When could I have a go?
*****
Having never been paralysed with fear before, there’s part of me that finds this fascinating, Tim, but on the whole I’m pretty upset. Especially as I know you’re enjoying glorious sunshine and it’s raining here. Oh, and the whole saying hello to you again thing, too. I mean, that’s important. But it’s *raining*.
Dammit.
*****
I’m in my teens, and I’m in a cockpit.
In – get this – the sky.
“You have control”.
“I have control, sir!”
One of the attractions of becoming a member of 298 (Hornsea) Squadron Air Training Corps is that a couple of times a year, you cram excitedly into a minibus that takes you over the horizon to a fully-working Royal Air Force base. On arrival, you single-file into a typically unfinished-looking holding room where you’d sit for hours, stewing in a mixture of anticipation, trepidation and brackish vending-machine coffee. Then suddenly you’re off: through a door, clambering into flying gear that smells of greasy canvas and mild panic, strapping a parachute to your backside and waddling across the tarmac to where your red and white de Havilland Chipmunk awaits.
You put your feet here, and there. (NOT THERE! There!) Then you half-clamber, half-slide into the back cockpit, trying not to neuter yourself on the control-stick. Everything metal is scuffed and shiny at the edges. Should I be able to slide around quite like this? CLACK, CLACKITY-CLICK *pull* CLANK! Seatbelted.
“If you need to get out of your belt in a hurry, just bang your fist here. Just don’t pull your parachute. That would be Bad”.
And before you know it, the pilot has introduced himself chattily and you’re rumbling down the runway, the concept of top speed meaningless because you’ll never never never stop accelerating…until you leap into the sky with a thud and you look down and you’re airborne, over a shrinking model of the world you know.
I took the controls.
I banked left.
I banked right.
I asked to do a loop. (“Well, that’s probably not a good idea, son”.)
I wanted to be a pilot!
(A fighter pilot).
But mainly, I wanted to stay up there forever.
*****
Fifteen years later, I was flying back from Cyprus with friends, and we hit a little turbulence.

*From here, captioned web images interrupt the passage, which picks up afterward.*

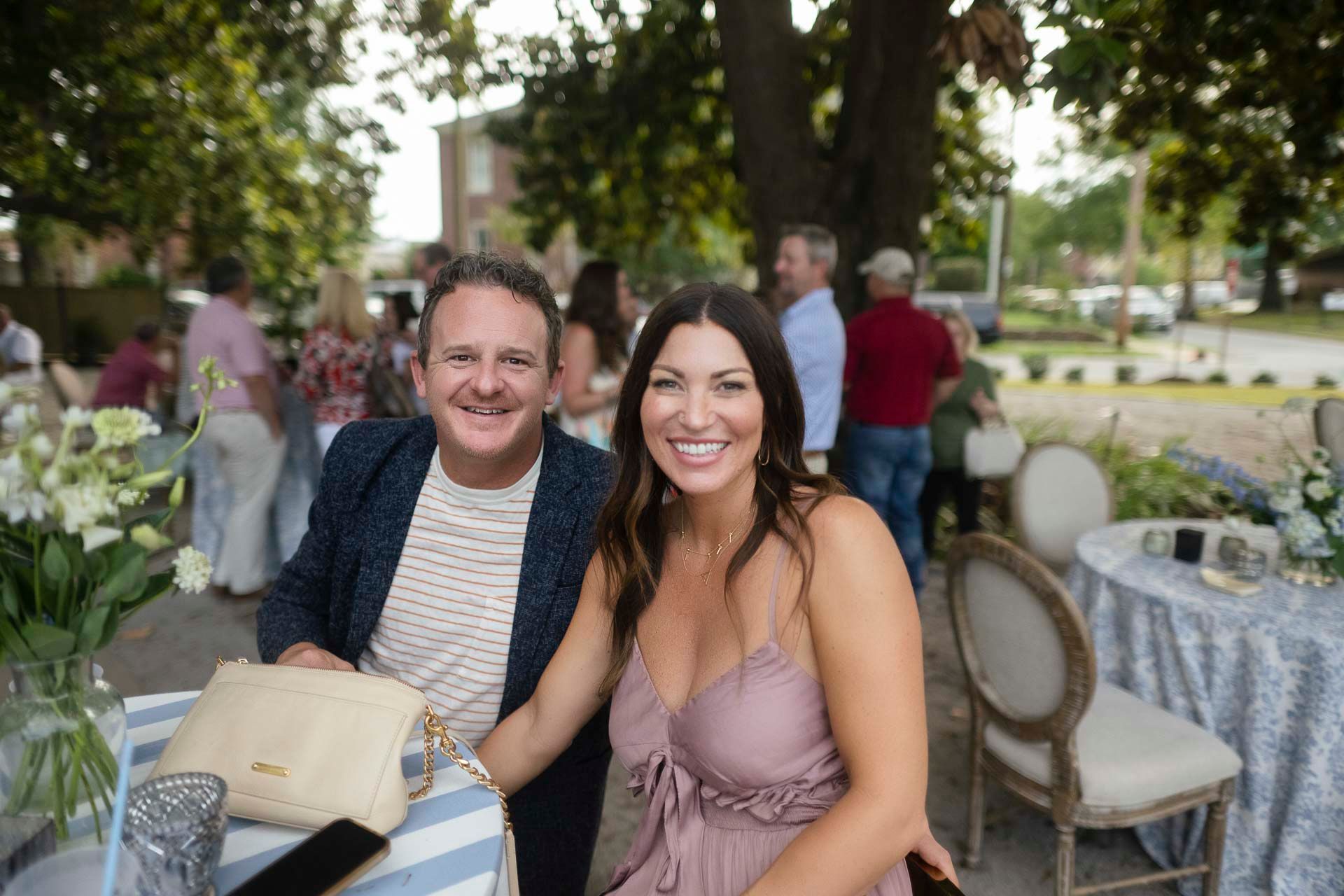 A man and a woman are posing for a picture while sitting at a table.
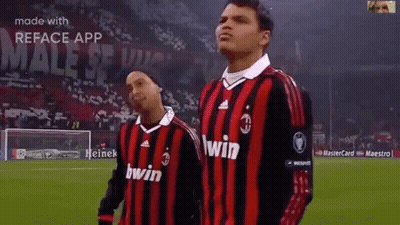 Two Soccer Players In Red And Black Jerseys Saying Win GIF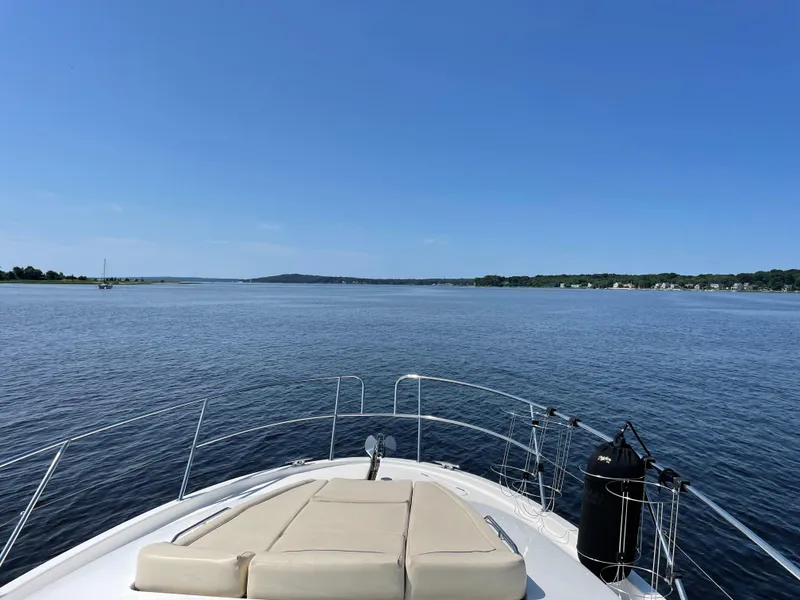 Slide: The Image of 2008 Jeanneau Prestige 34 Hardtop yacht on calm waters under clear blue sky. - 4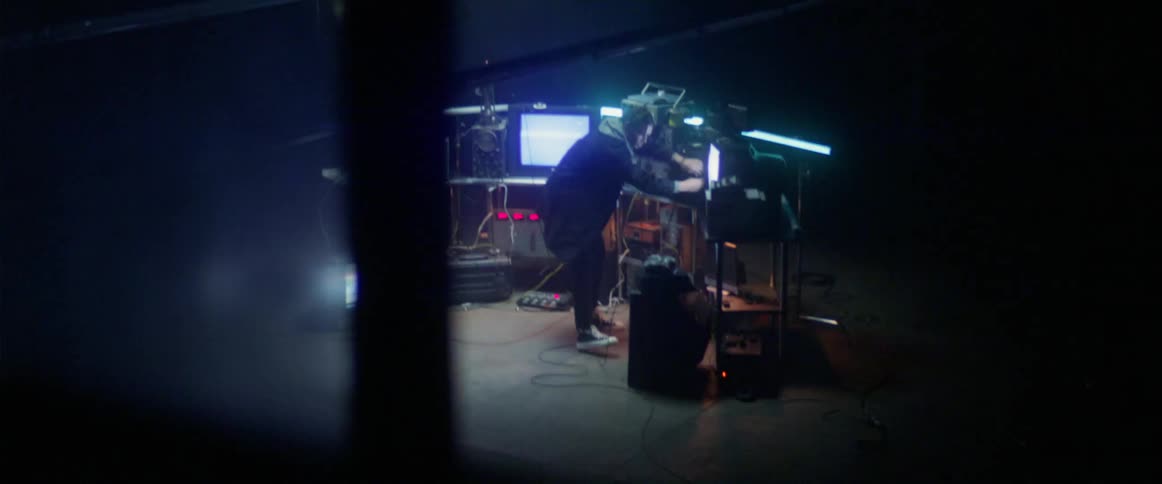 A man is working in a dark room with many televisions and monitors with flashing screens and lights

It’s this memory that is filling my mind when I’m due to catch the plane from Manchester to France, to meet Tim at the airport and spend a week climbing mountains, the last buttery smears of summer still clinging to the slopes of the Alps. The memory gnaws at me. The wrongness of it. That feeling inside my body, the sense of the weight of an entire jetliner, stuffed with people and equipment, momentarily losing its grip on the air and becoming the plummeting lump of metal I’ve always known it to be, instinct-deep. Fulfilling my childish intuition that no, planes can’t fly. They’re too heavy.
And the utter helplessness in the face of this knowledge. Relinquishing all control of my destiny to whoever is flying this damn thing, until we land, with absolutely nothing I could do in the meantime. (Yes, like being in a train or on a bus, but somehow infinitely worse. For example, with a train hell-bent to destruction there’s always the ludicrous fantasy you can leap out and roll like an action hero, not breaking both your legs. This is what Hollywood has done to us).
As well as terrifying, it all seemed terribly unfair. And that morning, my mind and body rebelled. They decided they knew best, and they dugs their heels in, turning me into a quivering wreck.
I wasn’t going anywhere.
So what’s with the title of this post? Surely “conquer” suggests some kind of improvement in the state of things?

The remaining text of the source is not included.